Combine ensemble member 1 data from historical and 20th century experiments:

In [ ]:

hist_anom = t_hist_ts_df - t_ref_mean.data
member1 = pd.concat([hist_anom.iloc[:-2], all_ts_anom.iloc[:,0]], verify_integrity=True)
member1_years = [val.year for val in member1.index]

Plotting Figure 2¶

Global surface temperature anomaly (1961-90 base period) for individual ensemble members, and observations:

In [ ]:

ax = plt.axes()

ax.tick_params(right=True, top=True, direction="out", length=6, width=2, grid_alpha=0.5)
ax.plot(years, all_ts_anom.iloc[:,1:], color="grey")
ax.plot(obs_years, obs_s['1920':], color="red")
ax.plot(member1_years, member1, color="black")


ax.text(
    0.35,
    0.4,
    "observations",
    verticalalignment="bottom",
    horizontalalignment="left",
    transform=ax.transAxes,
    color="red",
    fontsize=10,
)
ax.text(
    0.35,
    0.33,
    "members 2-40",
    verticalalignment="bottom",
    horizontalalignment="left",
    transform=ax.transAxes,
    color="grey",
    fontsize=10,
)
ax.text(
    0.05,
    0.2,
    "member 1",
    verticalalignment="bottom",
    horizontalalignment="left",
    transform=ax.transAxes,
    color="black",
    fontsize=10,
)

ax.set_xticks([1850, 1920, 1950, 2000, 2050, 2100])
plt.ylim(-1, 5)
plt.xlim(1850, 2100)
plt.ylabel("Global Surface\nTemperature Anomaly (K)")
plt.show()

Figure 4¶

Compute linear trend for winter seasons¶

In [ ]:

def linear_trend(da, dim="time"):
    da_chunk = da.chunk({dim: -1})
    trend = xr.apply_ufunc(
        calc_slope,
        da_chunk,
        vectorize=True,
        input_core_dims=[[dim]],
        output_core_dims=[[]],
        output_dtypes=[np.float],
        dask="parallelized",
    )
    return trend


def calc_slope(y):
    """ufunc to be used by linear_trend"""
    x = np.arange(len(y))

    # drop missing values (NaNs) from x and y
    finite_indexes = ~np.isnan(y)
    slope = np.nan if (np.sum(finite_indexes) < 2) else np.polyfit(x[finite_indexes], y[finite_indexes], 1)[0]
    return slope

Compute ensemble trends¶

In [ ]:

t = xr.concat([t_20c, t_rcp], dim="time")
seasons = t.sel(time=slice("1979", "2012")).resample(time="QS-DEC").mean("time")
# Include only full seasons from 1979 and 2012
seasons = seasons.sel(time=slice("1979", "2012")).load()

In [ ]:

winter_seasons = seasons.sel(
    time=seasons.time.where(seasons.time.dt.month == 12, drop=True)
)
winter_trends = linear_trend(
    winter_seasons.chunk({"lat": 20, "lon": 20, "time": -1})
).load() * len(winter_seasons.time)

# Compute ensemble mean from the first 30 members
winter_trends_mean = winter_trends.isel(member_id=range(30)).mean(dim='member_id')

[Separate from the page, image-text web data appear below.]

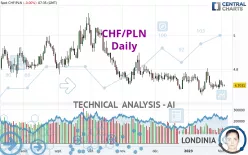 CHF/PLN - Daily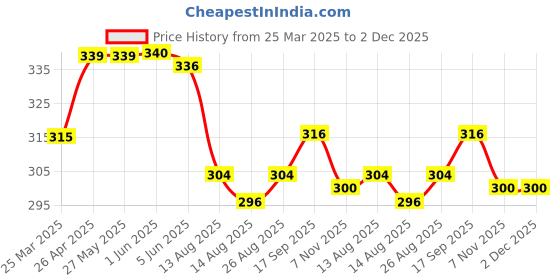 firstcry.com Babyhug Cotton Knit Frill Sleeves Front Open Dress With Floral Print & Peter Pan Collar - Navy Blue babyhug Price History Graph from 25 Mar 2025 to 2 Dec 2025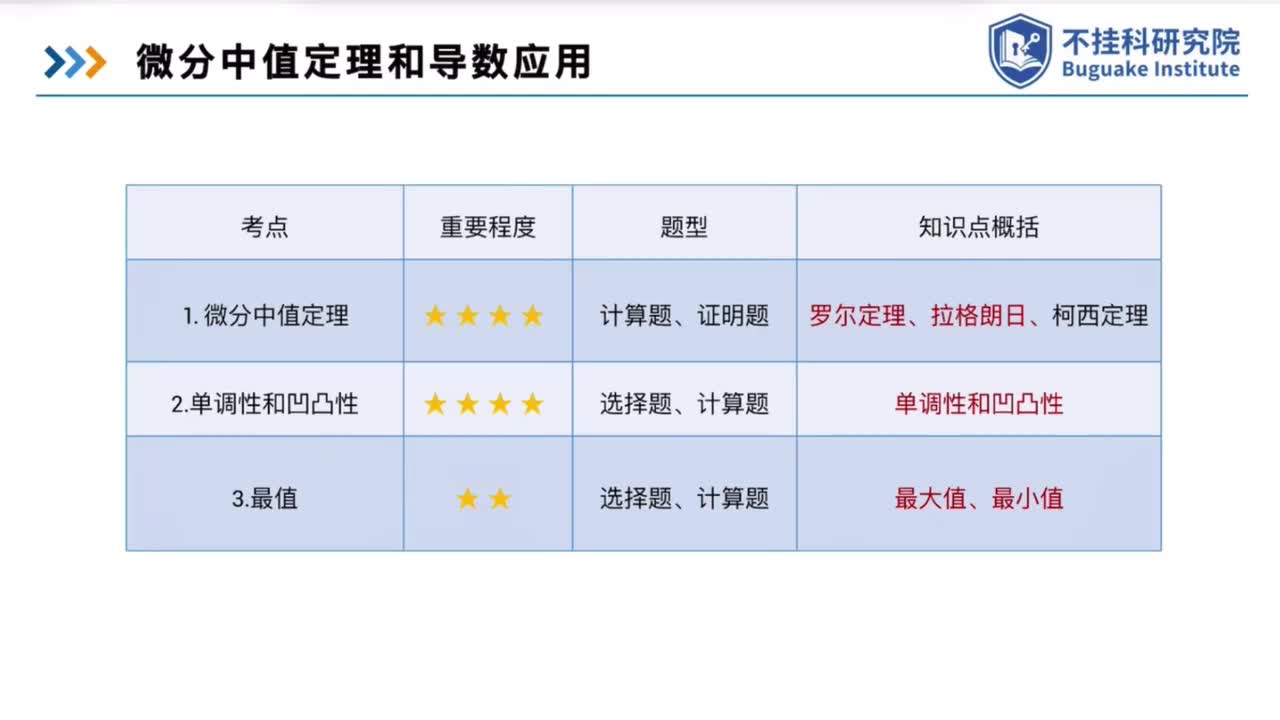 3 微分中值定理与导数的应用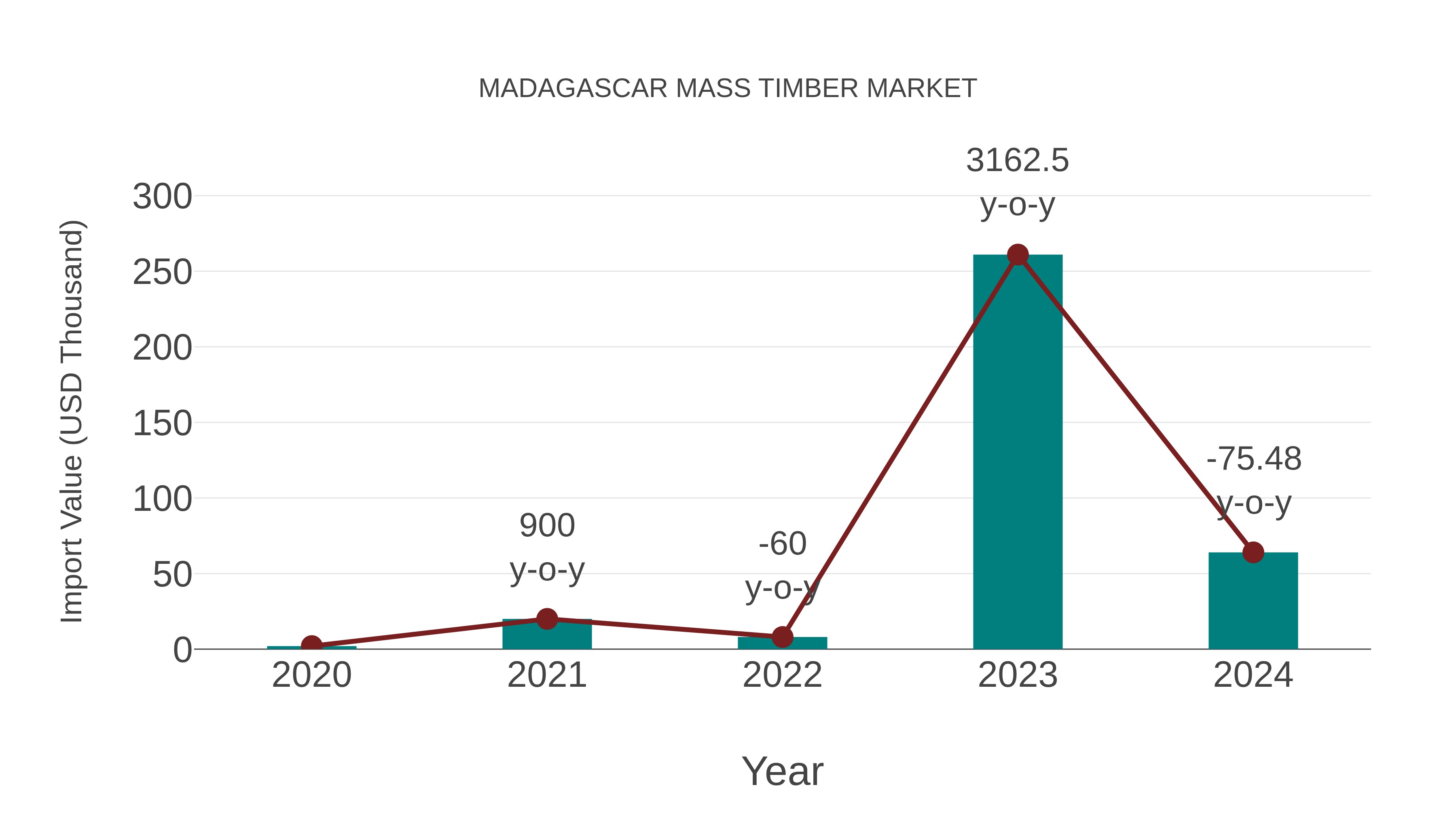  Madagascar Mass Timber Market: Import Trend Analysis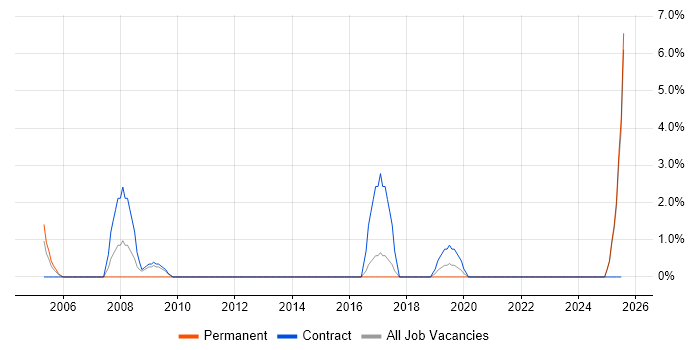Job vacancy trend for Performance Analysis in North Wales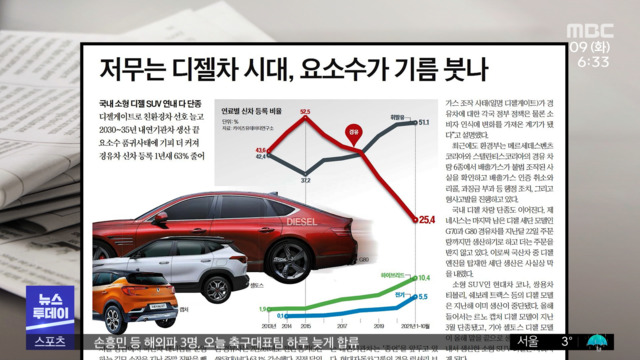 뉴스 열어보기 저무는 디젤차 시대 요소수가 기름 붓나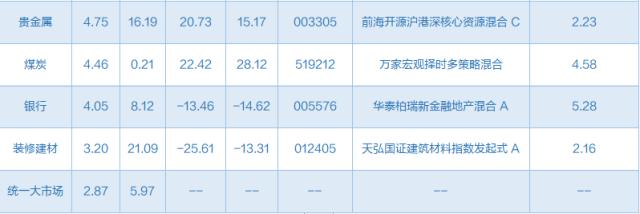 最近上市基金一览表(近期即将上市的基金)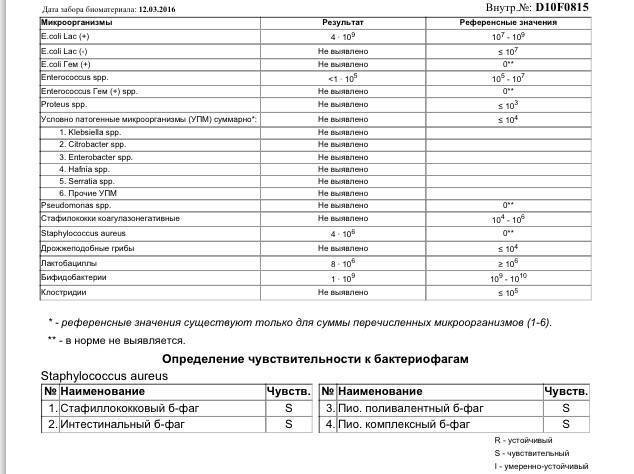 Анализ грудного молока: когда его необходимо сдавать и где это можно сделать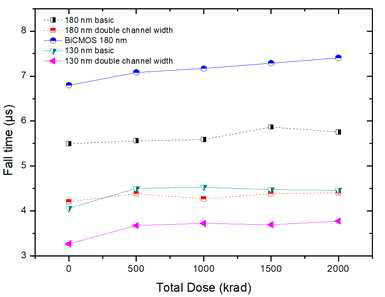 Cobalt-60 gamma-ray에 2 Mrad까지 노출된 방사선 조사시험 동안, 하락시간은 최대 진폭의 10%에서 90%까지는 시간으로 측정되었다. 하락시간은 CSA에 따라 201 ns부터 608 ns로 나타났다. 모든 CSA의 하락시간은 증가하는 것으로 나타났다. 특히 BiCMOS로 구성된 CSA는 급격한 증가를 했다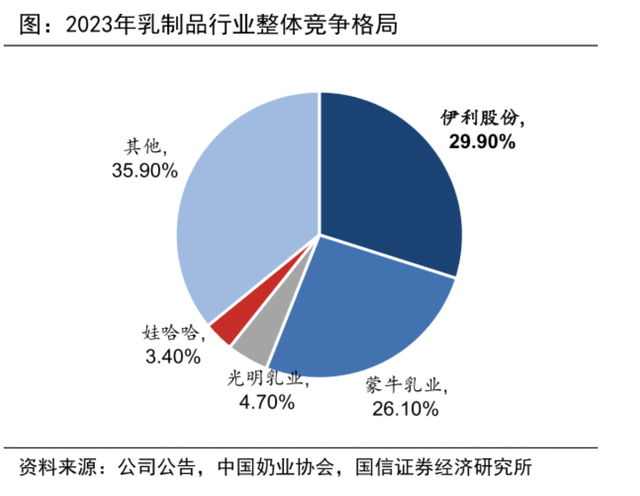 资料来源：iFinD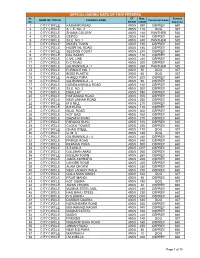 GEPCO-LOADING DATA of 11KV FEEDERS Sr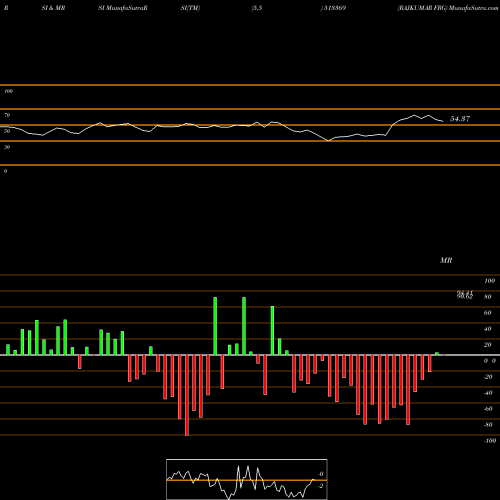 RSI & MRSI charts RAJKUMAR FRG 513369 share BSE Stock Exchange 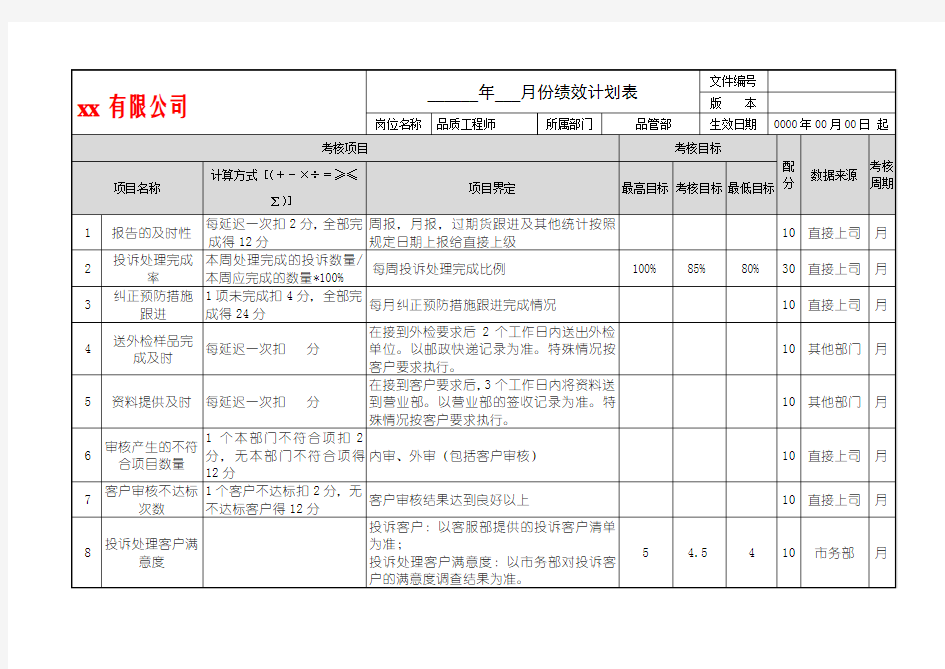 品质工程师绩效计划表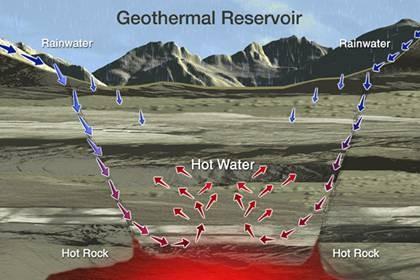 vodonosnik, saj se s tem vzdrţuje hidrodinamično ravnoteţje, tlak v vodonosniku ne pada, okolice pa ne onesnaţujemo z oddano geotermalno vodo, pri temperaturnem območju nad 90 C so ekonomsko najbolj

Make sure that we have 34 seasons:

In [ ]:

assert len(winter_seasons.time) == 34

Get observations for Figure 4 (NASA GISS GisTemp)¶

This is observational time series data for comparison with ensemble average (NASA GISS Surface Temperature Analysis, https://data.giss.nasa.gov/gistemp/).

In [ ]:

obsDataURL = "https://data.giss.nasa.gov/pub/gistemp/gistemp1200_GHCNv4_ERSSTv5.nc.gz"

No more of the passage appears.